_TRY IT_:
In the data below, the answer is the run of lines from the line containing "bra peak, (makeup)" through the line containing "76841,Präge Weihnachten Beeren Windmühle", both included; print it exactly and nothing else.

_Data entries_:
↓

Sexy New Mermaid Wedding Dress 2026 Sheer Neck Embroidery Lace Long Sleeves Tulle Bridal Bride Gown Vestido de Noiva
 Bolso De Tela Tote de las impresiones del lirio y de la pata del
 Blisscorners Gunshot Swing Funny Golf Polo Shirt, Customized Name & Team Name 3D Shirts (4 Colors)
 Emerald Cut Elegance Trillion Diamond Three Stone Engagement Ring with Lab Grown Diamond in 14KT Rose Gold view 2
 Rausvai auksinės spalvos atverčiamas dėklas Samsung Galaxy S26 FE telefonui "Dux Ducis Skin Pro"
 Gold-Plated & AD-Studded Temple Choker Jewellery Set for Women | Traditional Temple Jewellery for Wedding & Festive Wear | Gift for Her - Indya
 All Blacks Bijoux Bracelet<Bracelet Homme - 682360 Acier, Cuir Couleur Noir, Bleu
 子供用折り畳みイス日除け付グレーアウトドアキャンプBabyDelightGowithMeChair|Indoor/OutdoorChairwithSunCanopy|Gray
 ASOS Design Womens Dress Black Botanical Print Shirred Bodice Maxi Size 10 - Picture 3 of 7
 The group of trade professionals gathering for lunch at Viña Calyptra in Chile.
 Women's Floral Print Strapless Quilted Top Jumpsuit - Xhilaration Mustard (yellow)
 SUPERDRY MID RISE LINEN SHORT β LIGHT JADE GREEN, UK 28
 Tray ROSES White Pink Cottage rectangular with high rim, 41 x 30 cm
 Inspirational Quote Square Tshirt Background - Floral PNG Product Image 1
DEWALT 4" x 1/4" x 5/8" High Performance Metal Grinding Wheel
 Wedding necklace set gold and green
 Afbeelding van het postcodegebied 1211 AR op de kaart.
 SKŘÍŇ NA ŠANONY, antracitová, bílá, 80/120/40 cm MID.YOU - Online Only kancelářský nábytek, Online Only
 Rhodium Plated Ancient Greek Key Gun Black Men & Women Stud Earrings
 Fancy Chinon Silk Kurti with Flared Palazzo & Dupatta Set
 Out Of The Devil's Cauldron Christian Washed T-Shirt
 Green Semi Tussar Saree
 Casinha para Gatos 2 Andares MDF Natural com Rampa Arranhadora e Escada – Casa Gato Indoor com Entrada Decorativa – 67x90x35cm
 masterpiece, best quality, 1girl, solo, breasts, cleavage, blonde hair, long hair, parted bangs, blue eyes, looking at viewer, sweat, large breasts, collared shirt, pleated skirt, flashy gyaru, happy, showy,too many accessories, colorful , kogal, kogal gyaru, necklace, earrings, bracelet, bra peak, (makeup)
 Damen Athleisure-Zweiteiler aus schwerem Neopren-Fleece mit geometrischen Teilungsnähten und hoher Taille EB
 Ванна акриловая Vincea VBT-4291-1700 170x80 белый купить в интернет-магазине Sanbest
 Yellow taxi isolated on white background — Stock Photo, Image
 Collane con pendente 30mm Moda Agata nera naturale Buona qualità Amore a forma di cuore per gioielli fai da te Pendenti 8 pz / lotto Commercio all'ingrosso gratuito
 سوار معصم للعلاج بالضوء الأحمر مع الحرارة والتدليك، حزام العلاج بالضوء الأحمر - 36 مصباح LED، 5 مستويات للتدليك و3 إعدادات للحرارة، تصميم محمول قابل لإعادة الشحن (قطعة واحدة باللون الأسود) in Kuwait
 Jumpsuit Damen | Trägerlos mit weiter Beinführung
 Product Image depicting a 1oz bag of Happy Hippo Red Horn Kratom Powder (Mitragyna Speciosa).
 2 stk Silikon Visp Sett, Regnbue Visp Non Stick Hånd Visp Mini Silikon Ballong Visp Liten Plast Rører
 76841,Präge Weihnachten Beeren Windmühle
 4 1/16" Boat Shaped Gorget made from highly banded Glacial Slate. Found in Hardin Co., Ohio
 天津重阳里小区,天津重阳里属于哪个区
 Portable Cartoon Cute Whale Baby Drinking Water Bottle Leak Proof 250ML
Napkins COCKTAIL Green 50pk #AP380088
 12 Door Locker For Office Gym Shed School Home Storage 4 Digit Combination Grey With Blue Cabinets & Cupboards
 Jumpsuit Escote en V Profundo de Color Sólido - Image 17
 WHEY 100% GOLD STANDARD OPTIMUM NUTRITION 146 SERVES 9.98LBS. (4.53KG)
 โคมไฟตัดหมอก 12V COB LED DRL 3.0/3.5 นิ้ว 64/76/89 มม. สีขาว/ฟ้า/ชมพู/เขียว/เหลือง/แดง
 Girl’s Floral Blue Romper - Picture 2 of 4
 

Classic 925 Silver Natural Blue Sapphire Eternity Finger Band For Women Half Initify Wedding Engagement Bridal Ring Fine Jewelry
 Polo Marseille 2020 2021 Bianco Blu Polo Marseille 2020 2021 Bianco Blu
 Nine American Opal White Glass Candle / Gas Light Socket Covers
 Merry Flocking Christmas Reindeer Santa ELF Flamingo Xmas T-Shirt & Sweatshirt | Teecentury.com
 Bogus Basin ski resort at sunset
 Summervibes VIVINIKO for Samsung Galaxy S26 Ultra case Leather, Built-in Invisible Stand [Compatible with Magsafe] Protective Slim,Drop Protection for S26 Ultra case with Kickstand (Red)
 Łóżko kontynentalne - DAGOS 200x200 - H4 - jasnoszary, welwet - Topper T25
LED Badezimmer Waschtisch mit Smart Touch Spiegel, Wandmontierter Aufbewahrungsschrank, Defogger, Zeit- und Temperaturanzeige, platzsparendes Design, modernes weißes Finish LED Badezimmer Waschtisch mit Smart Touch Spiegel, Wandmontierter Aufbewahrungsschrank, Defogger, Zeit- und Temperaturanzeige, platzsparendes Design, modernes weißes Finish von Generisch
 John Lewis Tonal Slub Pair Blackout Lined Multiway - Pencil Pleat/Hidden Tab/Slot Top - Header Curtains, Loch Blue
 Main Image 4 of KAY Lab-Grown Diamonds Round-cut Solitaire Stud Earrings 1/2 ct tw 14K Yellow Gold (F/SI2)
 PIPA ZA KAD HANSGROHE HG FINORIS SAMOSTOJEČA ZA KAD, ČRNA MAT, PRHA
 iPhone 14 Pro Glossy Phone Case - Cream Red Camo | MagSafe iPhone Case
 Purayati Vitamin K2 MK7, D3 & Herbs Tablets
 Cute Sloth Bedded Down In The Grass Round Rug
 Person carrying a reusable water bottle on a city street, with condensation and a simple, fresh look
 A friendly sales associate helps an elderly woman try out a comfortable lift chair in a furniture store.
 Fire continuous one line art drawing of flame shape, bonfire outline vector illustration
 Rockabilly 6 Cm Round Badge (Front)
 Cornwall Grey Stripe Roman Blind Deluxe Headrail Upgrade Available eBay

↑

_ANSWER SPACE_:
 masterpiece, best quality, 1girl, solo, breasts, cleavage, blonde hair, long hair, parted bangs, blue eyes, looking at viewer, sweat, large breasts, collared shirt, pleated skirt, flashy gyaru, happy, showy,too many accessories, colorful , kogal, kogal gyaru, necklace, earrings, bracelet, bra peak, (makeup)
 Damen Athleisure-Zweiteiler aus schwerem Neopren-Fleece mit geometrischen Teilungsnähten und hoher Taille EB
 Ванна акриловая Vincea VBT-4291-1700 170x80 белый купить в интернет-магазине Sanbest
 Yellow taxi isolated on white background — Stock Photo, Image
 Collane con pendente 30mm Moda Agata nera naturale Buona qualità Amore a forma di cuore per gioielli fai da te Pendenti 8 pz / lotto Commercio all'ingrosso gratuito
 سوار معصم للعلاج بالضوء الأحمر مع الحرارة والتدليك، حزام العلاج بالضوء الأحمر - 36 مصباح LED، 5 مستويات للتدليك و3 إعدادات للحرارة، تصميم محمول قابل لإعادة الشحن (قطعة واحدة باللون الأسود) in Kuwait
 Jumpsuit Damen | Trägerlos mit weiter Beinführung
 Product Image depicting a 1oz bag of Happy Hippo Red Horn Kratom Powder (Mitragyna Speciosa).
 2 stk Silikon Visp Sett, Regnbue Visp Non Stick Hånd Visp Mini Silikon Ballong Visp Liten Plast Rører
 76841,Präge Weihnachten Beeren Windmühle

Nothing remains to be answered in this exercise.